Numéro d'édition: 1374
Lettre de Félicien Rops à [Jules Beaujoint]
Texte copié
Expéditeur
Félicien Rops
Destinataire
Jules Beaujoint
Lieu de rédaction
Mettet, Château de Thozée
Type de document
Lettre
N° d'inventaire
ML/02237/0015
Collationnage
Autographe
Date de fin
2024/12/21
Lieu de conservation
Belgique, Bruxelles, Archives et Musée de la Littérature
Page 1 Recto : 1
Mon Cher Beaujoint,
Je viens d’envoyer votre lettre à Ernest Parent en lui prescrivant de tâcher de vous la faire parvenir au plus tôt – il y a deux jours qu’elle est partie, – je vous avoue que je n’y comprenais rien – je ne pouvais pas la renvoyer à Maestricht d’où elle venait, j’ai pris le parti de l’expédier à l’Uylenspiegel.

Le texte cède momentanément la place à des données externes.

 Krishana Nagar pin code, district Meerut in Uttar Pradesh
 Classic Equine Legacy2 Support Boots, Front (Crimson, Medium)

Quand vous aurez l’heureuse idée de remonter la Meuse jusqu’à Namur, écrivez moi un mot, je suis ici jusqu’au quinze septembre, je retournerai à Namur et je vous embêterai à vous montrer les « curiosités de la ville » je me charge de ne pas vous faire grâce d’un bourgeois – je les ferai causer – comme je ne joue d’aucun instrument quand je n’ai rien à faire je joue du bourgeois, j’ai un grand air que je vous ferai entendre : La Symphonie sur le « Rapport des bonnes propriétés » nous tripoterons dans cette moisissure intellectuelle ; il faut vous dire, mon Cher Beaujoint que je ne connais plus que moi qui déteste le bourgeois, comme il est devenu ridicule de se moquer de Mr Prud’homme, il arrive que pour ne pas avoir l’air perruque les artistes lui font des mamours et montent un chœur à sa louange que : maintenant « le bourgeois n’existe plus » que : que maintenant les ex-épiciers d’hier sont les critériums artistiques d’aujourd’hui – que c’est rapin et mauvais genre de se moquer de ces gens là qui en définitive ont du bon vin, des jolies filles et de bon lits » – quant à moi je leur garde ma haine, une haine de lipaye je les déteste comme les vieux Chauvins détestent lAngleterre :
bêtement, d’instinct, sans trop savoir pourquoi ; je ne les fais pas poser pour la Galerie, je les fais poser pour moi – j’ai des jouissances mystérieuses, infinies à faire dévoiler a ces gens là leurs petites passions, leurs petites vengeances, leurs petites haines, et je m’amuse à cette besogne d’égoutier – vous verrez Beaujoint, nous en jouerons – les rapins croient que le bourgeois est fini, comme si le bourgeois n’était pas éternel et incommensurable.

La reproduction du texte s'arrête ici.